J. de Meijer dovecot at filter.demeijer.com
Fri Sep 28 15:45:31 EEST 2018 

Hi,

I'm getting errors with my IMAP setup.
Basically, everything seems to work.
Mail is delivered nicely from Postfix to Dovecot via LMTP. Dovecot does
the authentication to LDAP (also for Postfix). Users are able to send mail
via authenticated submission (Postfix) and login into IMAP and POP.

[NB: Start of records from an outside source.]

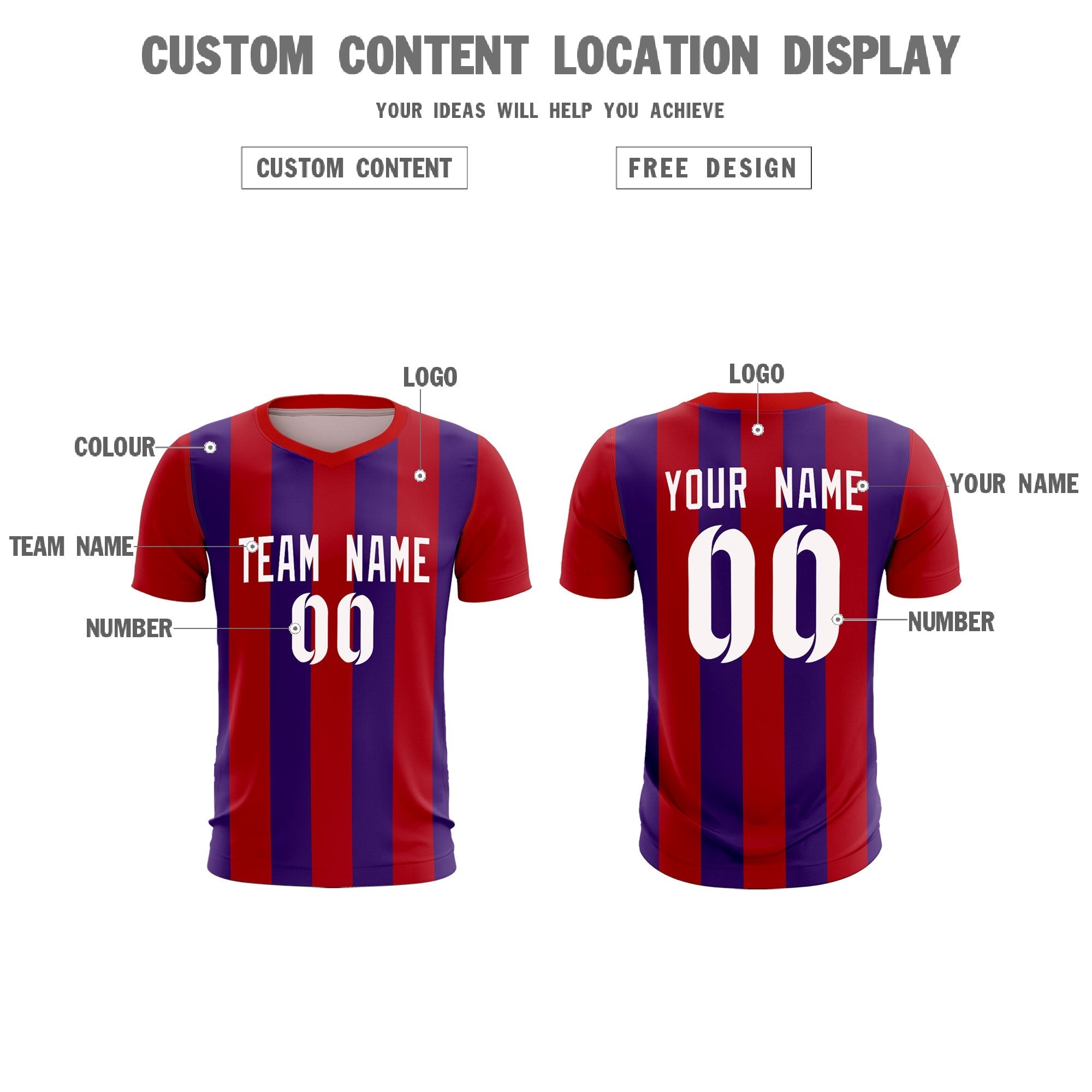 Custom Red Purple Vertical Stripes Casual Outdoor Football Kits Jersey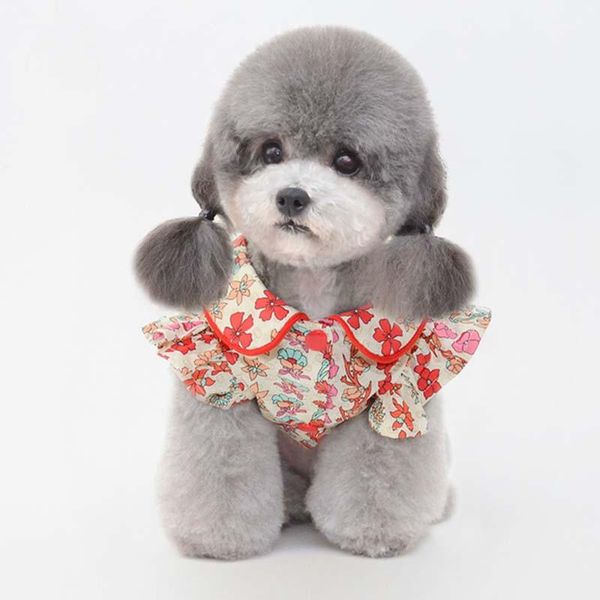 

summer pet clothes dog puppy small flowers cat teddy dress apparel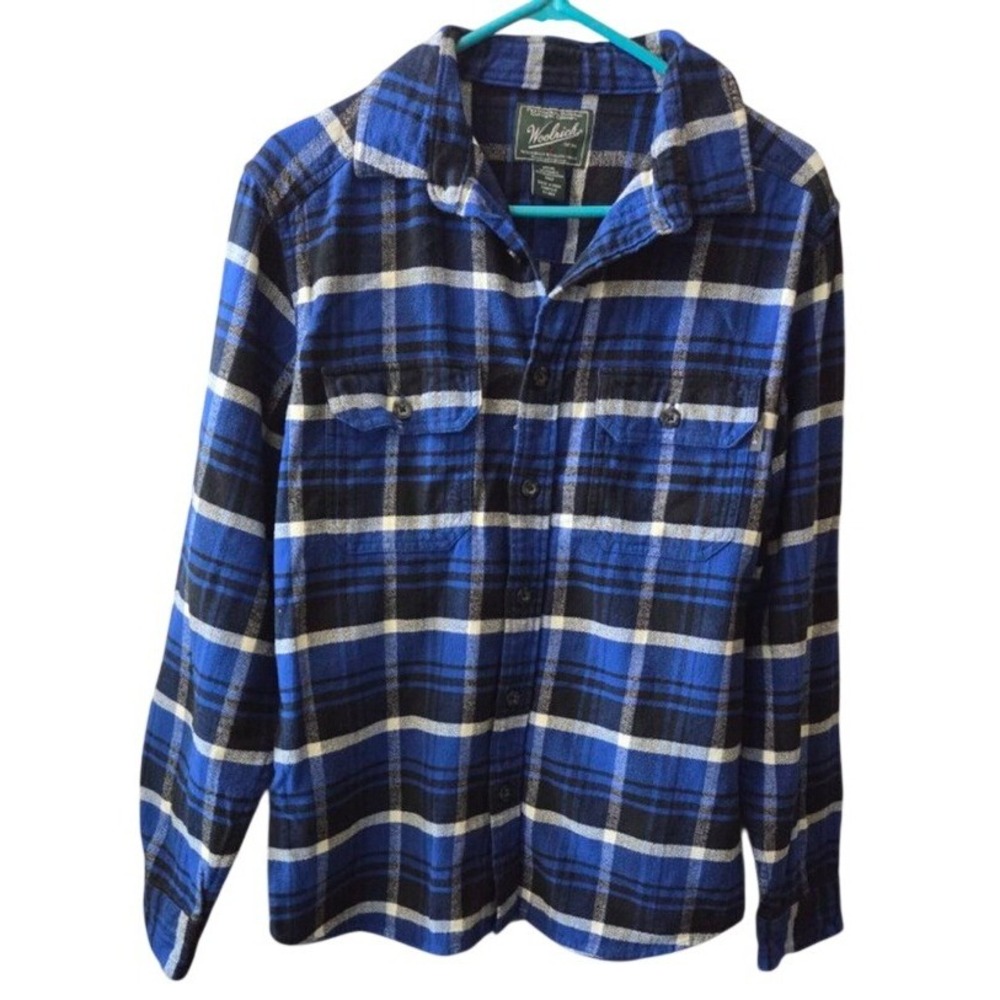 Woolrich Mens Blue Black Plaid Flannel Shirt Modern Fit Medium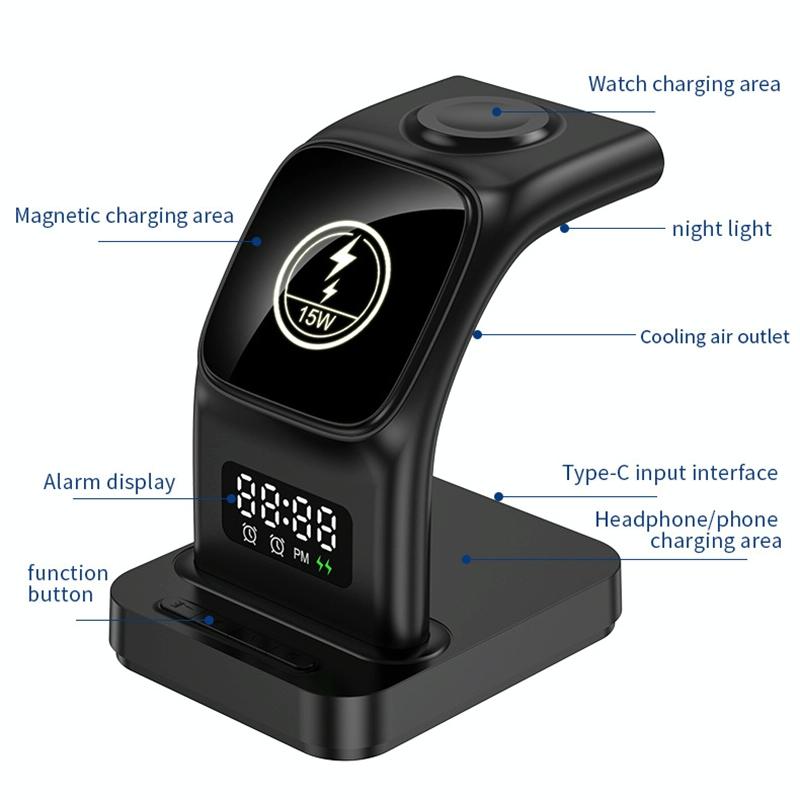 15W Magnetic Wireless Charger With Clock - Black Tristar Online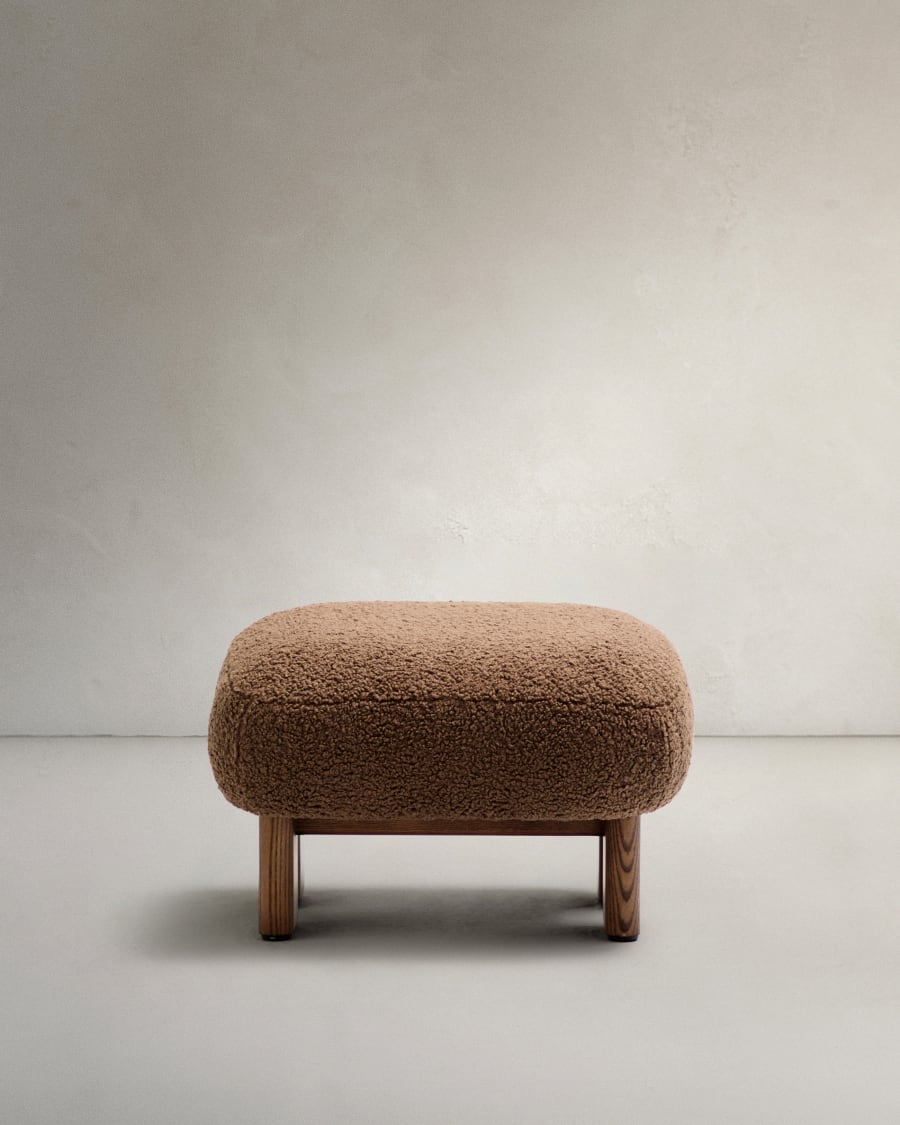 Nema taupe bouclé footstool with solid ash wood legs walnut finish 65x55.4cm FSC 100%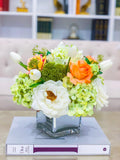 Large Real Touch Roses Tulip Silk Hydrangea Square Arrangement - Flovery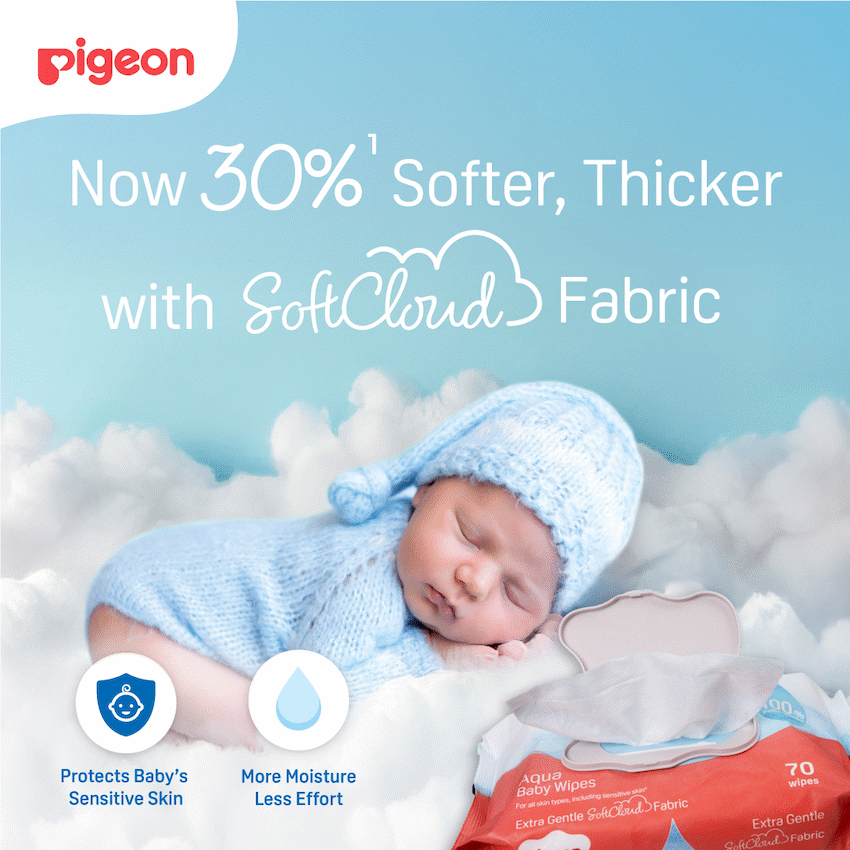 PIGEON AQUA BABY WIPES 70's FLIPTOP  3-IN-1 - image 5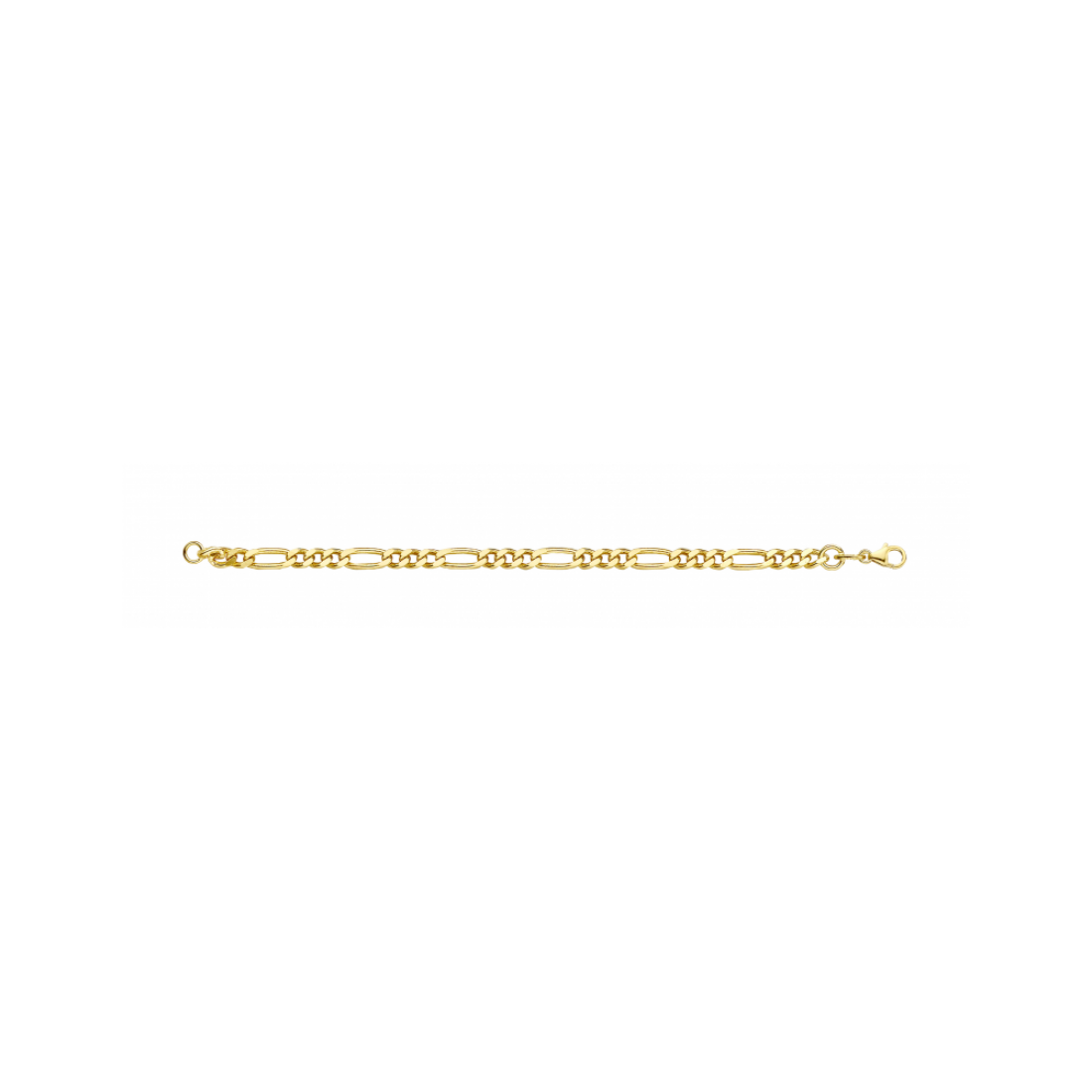 14krt Geelgouden collier met zilverkern. Schakel: Figaro. Diameter: 7mm. Lengte: 60cm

However, IMAP connections are dropped frequently with an "ERROR:
Connection dropped by IMAP server.". After pressing reload on the webmail,
or refreshing in the client might help for a short period. So it fails
intermittently.

The errors in the maillog are below. It seems to be mixing up users kind
of randomly. I think when multiple connections are made at the same time.
Did a lot of searching, put couldn't find an answer to this problem. All I
can find is related to LDA, which I'm not using.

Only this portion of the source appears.